Die Straße von Hormus gilt als einer der neuralgischsten Punkte der globalen Energieversorgung, da ein erheblicher Teil des weltweit seewärts transportierten Öls diese Route passiert. Mit der inzwischen siebenten aufeinanderfolgenden US-Angriffsnacht, immer wieder neuen – und untereinander widersprüchlichen – iranischen Opferzahlen, einer expliziten Expertenwarnung vor einem „totalen Krieg“ sowie sichtbaren US-Truppenverlegungen erreicht die Eskalation eine neue, sichtbar ernstere Stufe gegenüber den vorangegangenen Tagen. Neu hinzugekommen ist mit der Wasserkrise in Jask eine unmittelbar humanitäre Dimension des Konflikts, während die Drohungen der Huthi-Miliz gegen Saudi-Arabien und der Bericht über eine mögliche Blockade der Bab-al-Mandab-Straße eine geografische Ausweitung des Konflikts über die Straße von Hormus hinaus andeuten – ohne dass dies bereits als gesichert gelten kann.
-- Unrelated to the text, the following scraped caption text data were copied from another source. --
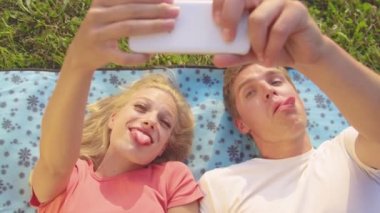 Kapat: Sosyal medya için selfie çekerken tuhaf suratlar yapan aptal çift.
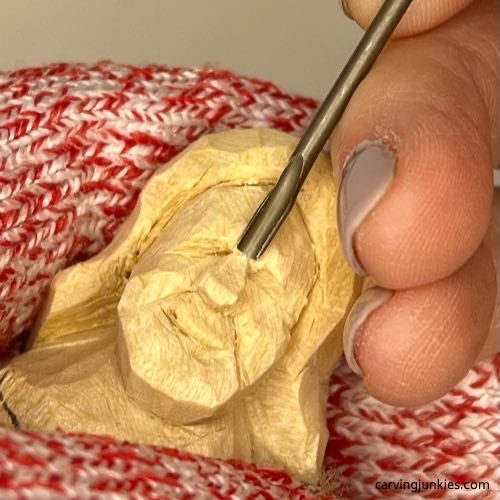 Carving bridge of nose on wood carved mermaid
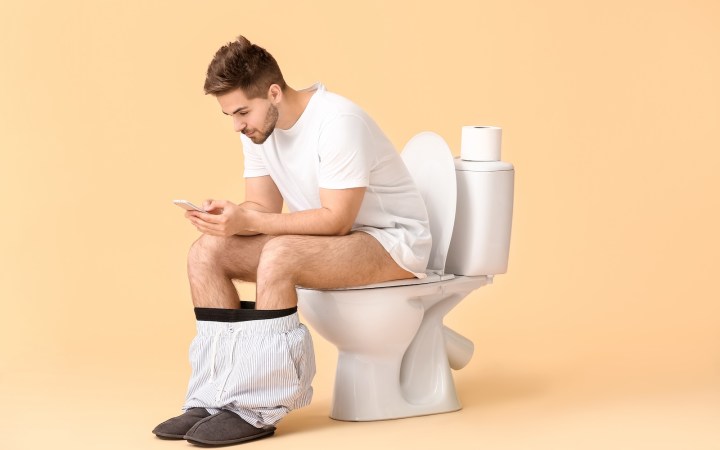 bărbat stă pe vasul de toaletă cu telefonul în mână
Besonders heikel ist dabei, dass die kursierenden Opferzahlen aus der Provinz Hormozgan ebenso wie die Behauptungen zu zerstörten US-Kampfflugzeugen in Jordanien ausschließlich von iranischer Seite stammen und teils widersprüchlich sind – eine Situation, die zu maximaler Zurückhaltung bei der Übernahme einzelner Angaben zwingt. Angesichts fehlender Primärquellen von allen beteiligten Seiten – US-Regierung, Iran, Vereinigte Arabische Emirate, Kuwait, Bahrain, Saudi-Arabien, Huthi-Führung, IAEA – sowie der besonderen Sensibilität von Opferzahlen, Wasserversorgung für Zivilisten, Angaben zu einer nuklearen Anlage und Truppenbewegungen ist bei dieser Meldung weiterhin besondere Zurückhaltung geboten: Einzelheiten zu Zielen, Opfern, dem Status der Straße von Hormus und der tatsächlichen Umsetzung jüngster Ankündigungen und Drohungen können sich in den kommenden Stunden erneut ändern.